Congrats Guy!
I am sure many will gradually find this replacing their current DSLRs. I know I have already. Will know how it performs in the field in two weeks
Sure, the speed is already amazing but there is a lot more going for it.
For me what is already impressive is the sheer amount of customization that is possible with this camera. There are four custom buttons that are programmable, three custom shooting settings that can be stored in camera and an additional four that can be saved on a card. All can be transferred to another camera by copying to an SD card. Then there are three pages with a total of 18 menu items that can be stored in 'my favorites' section like on Canon. To top it all, the key settings can now be set via two dials on top left, so you can change frame rate instantly, the bracketing, self timer, Auto vs manual focus etc. The custom shooting settings can be recalled as sticky or if you assign them to a custom button you can have the aperture/shutter/ISO/Focus all instantly change for a particular shot while pressing a C button and then going back to your regular settings once you release it.
On my Canon 1DXii this was possible too, but you could only change to one set of parameters and to alter those was a pain. So why is this useful? Imagine you are shooting an animal running, you take your usual shot to freeze the motion, then you instantly press C1 and take the shot while panning the camera and you instantly get a motion blur. Works amazingly well for a flock of birds too.
Just did some testing last night with the buffer and various cards. Interesting stuff. You can store the same or different images on the two cards (i.e. RAW or jpg) in various combinations. However, it only writes at UHS-1 speed to slot 2 even if you have a higher speed card in it. Wish they had allowed both slots to be equally fast at writing.
What is interesting is that jpg files seem to write much slower than RAW. So even if you have a superfast Lexar 2000X card, jpg are not much faster in either slot, at around 50 MB/s (fine quality). RAW files OTOH do benefit from a faster card. I measured the Lexar 2000x to write at 190MB/s while the Sandisk 95MB/s UHS-1 card manages respectably at 89 MB/s. Not bad for a card that costs almost four times less.

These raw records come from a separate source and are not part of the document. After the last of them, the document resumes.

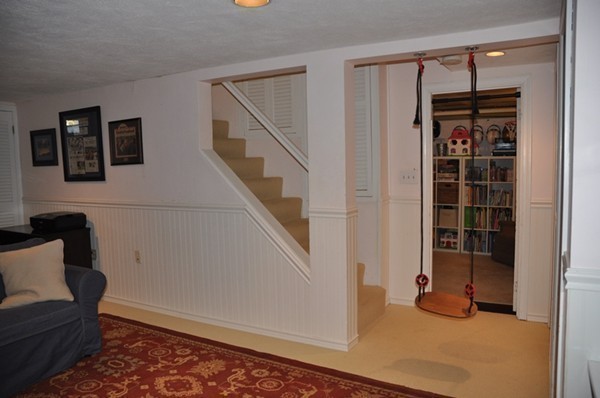 47 Martin Road Wellesley, MA 02481 - Photo 21 of 28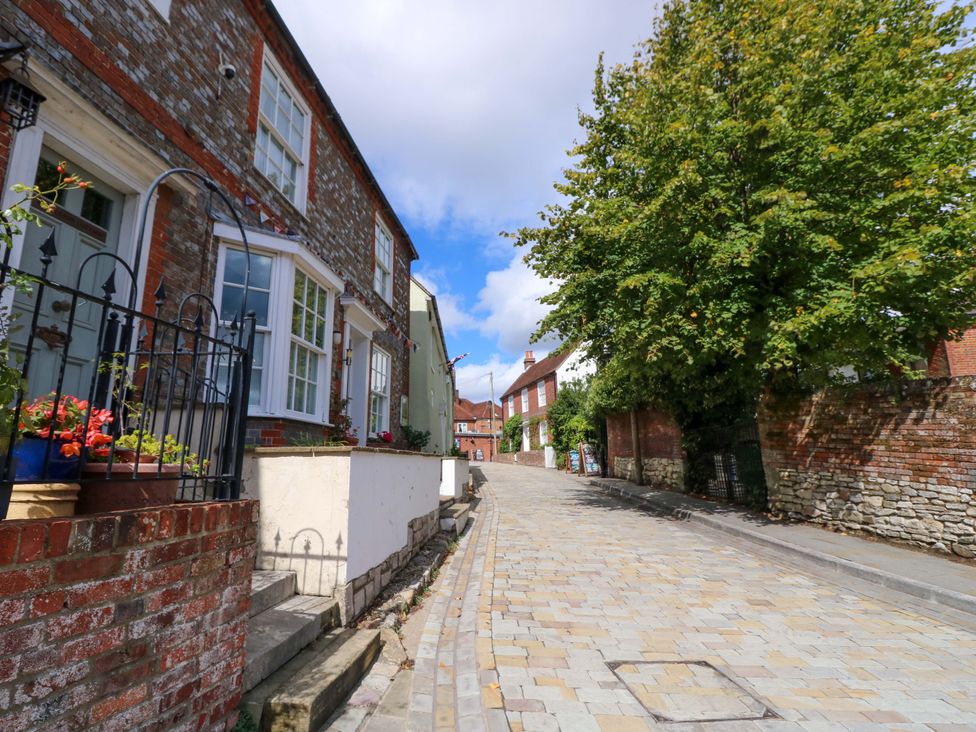 A street with houses and trees at Riverview in Hamble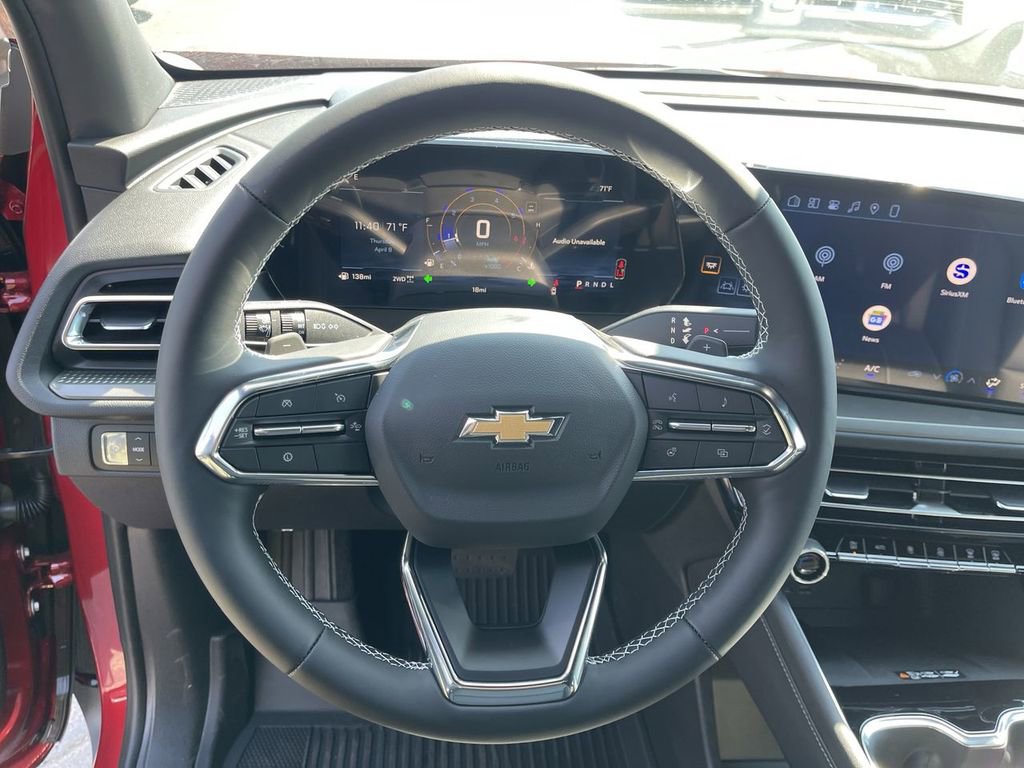 New 2026 Chevrolet Traverse LT w/ Driver Confidence Package AWD/4WD image 14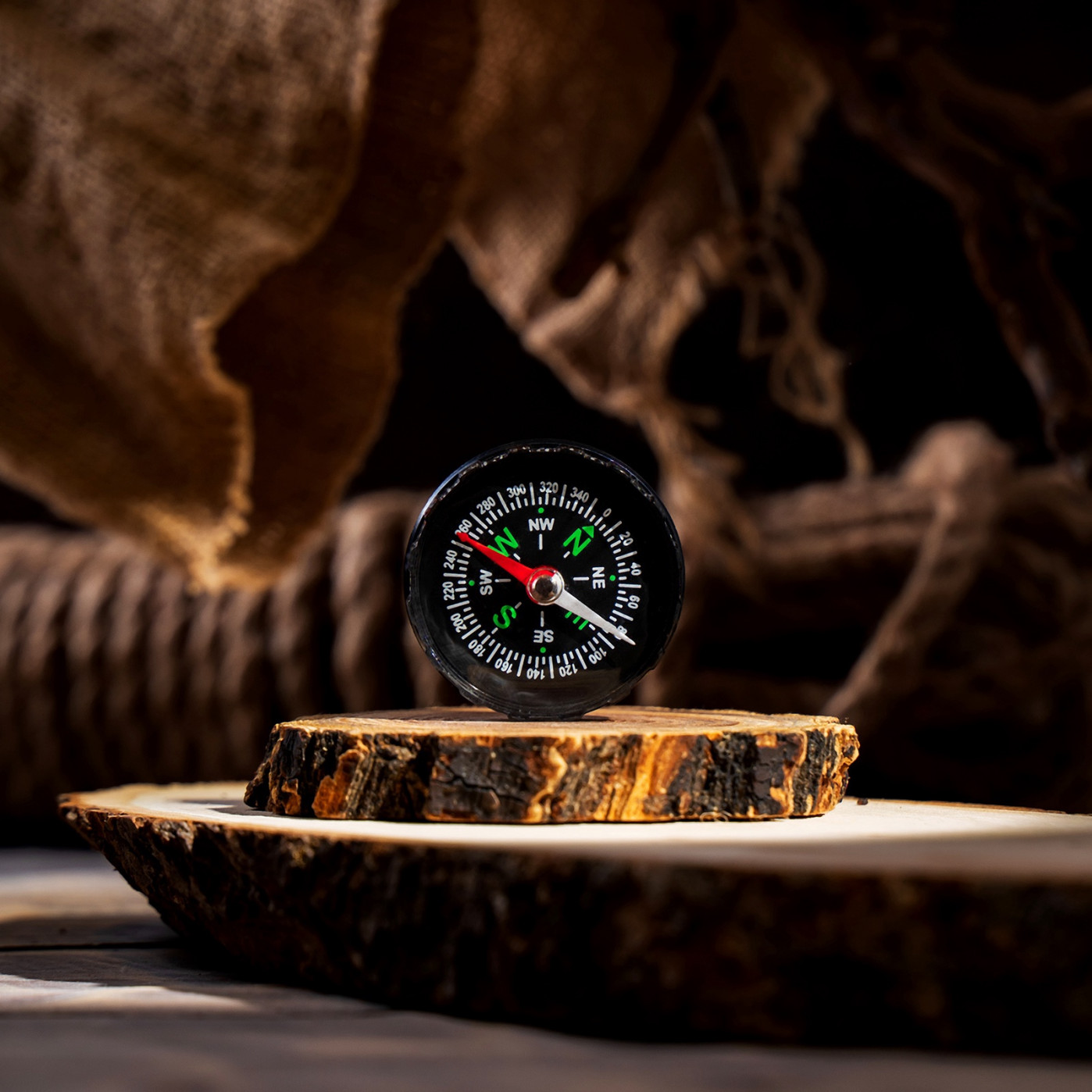 Компас жидкостный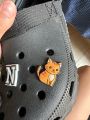 【hot】 1PCS PVC Cute Cat Shoe Charms Pet Cat Croc Jeans Fishbone Shoe Decoration Pins Garden Sandal Accessorie For Women. 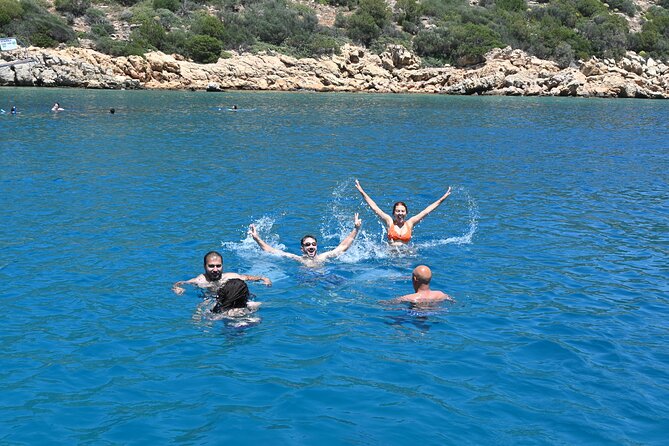 6 Hours Private Charter Boat Tour with Lunch in Bodrum - Red Bay combines swimming with lunch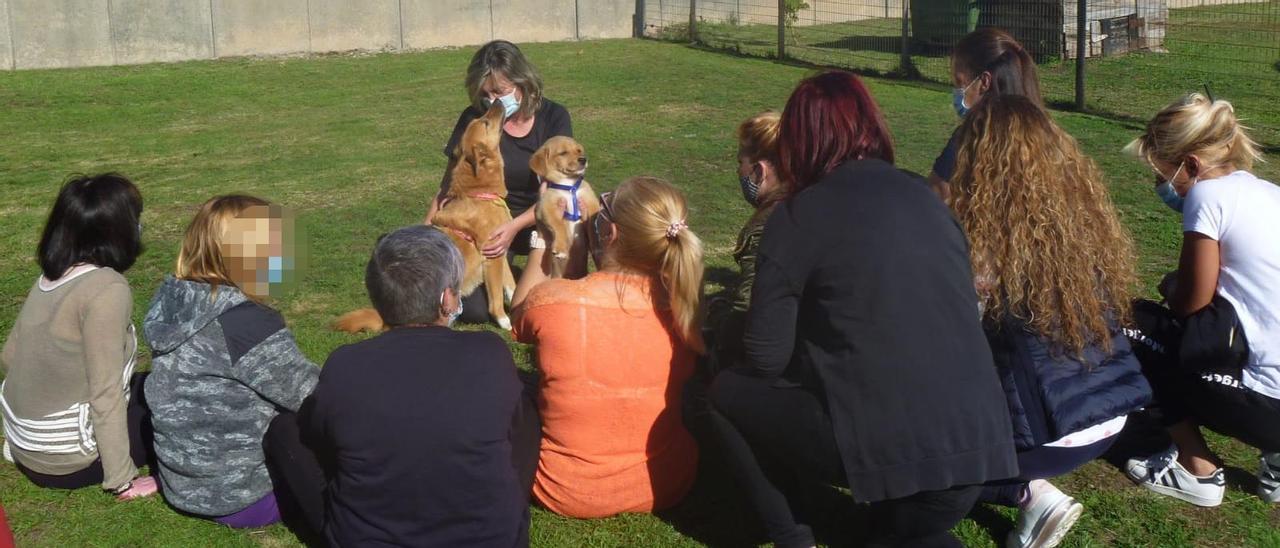 Olga Costa, directora del refugio de Cambados, durante una sesión con las reclusas de A Lama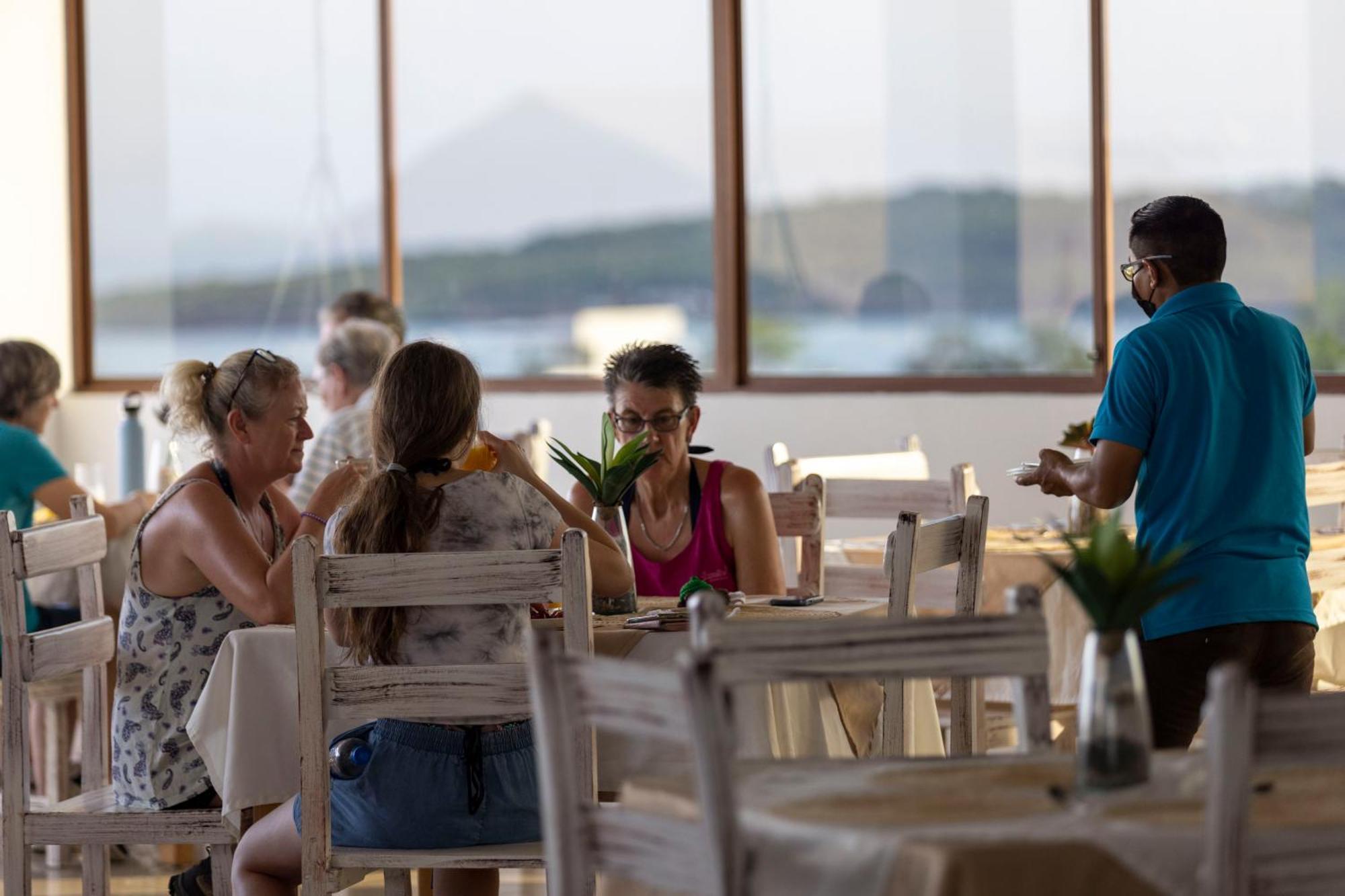 Galapagos Planet Hotel ปูแอร์โต บาเกริโซ โมเรโน ภายนอก รูปภาพ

The buffer is giving me around 230-240 RAW images before it begins to go single shot. I am getting over 400 images in the buffer with the jpg setting.
In the 'Sort' mode where you write RAW to slot 1 and jpg to slot 2, it is still amazing. I am able to get around 230 files in the buffer before it becomes single shot and of course the time to write to both cards gets longer though not by a whole lot.
So here is the rough summary on the buffer and time to write to the card(s):
RAW images: 230 to 240
Jpg images: 440-460
Time to clear buffer (depends upon the card):
RAW: 30 seconds with Lexar 2000X UHS-II card, 68 seconds with Sandisk 95Mb/s UHS-1 Extreme Pro card.
Jpg: 65 seconds regardless of speed of card
Dual mode:
Both RAW: 75 seconds, slot 2 card does not matter
Slot 1 RAW, slot 2 jpg: 44 seconds with Lexar 2000X i slot 1 - slot 2 card does not matter.
I did not test jpg in both slots.
what is also interesting is that the battery life is amazing, I must have shot off 7000 images in the above tests, battery was still at 72%. Of course there was no focus tracking or chimping during this process, simply setting the camera down and shooting away.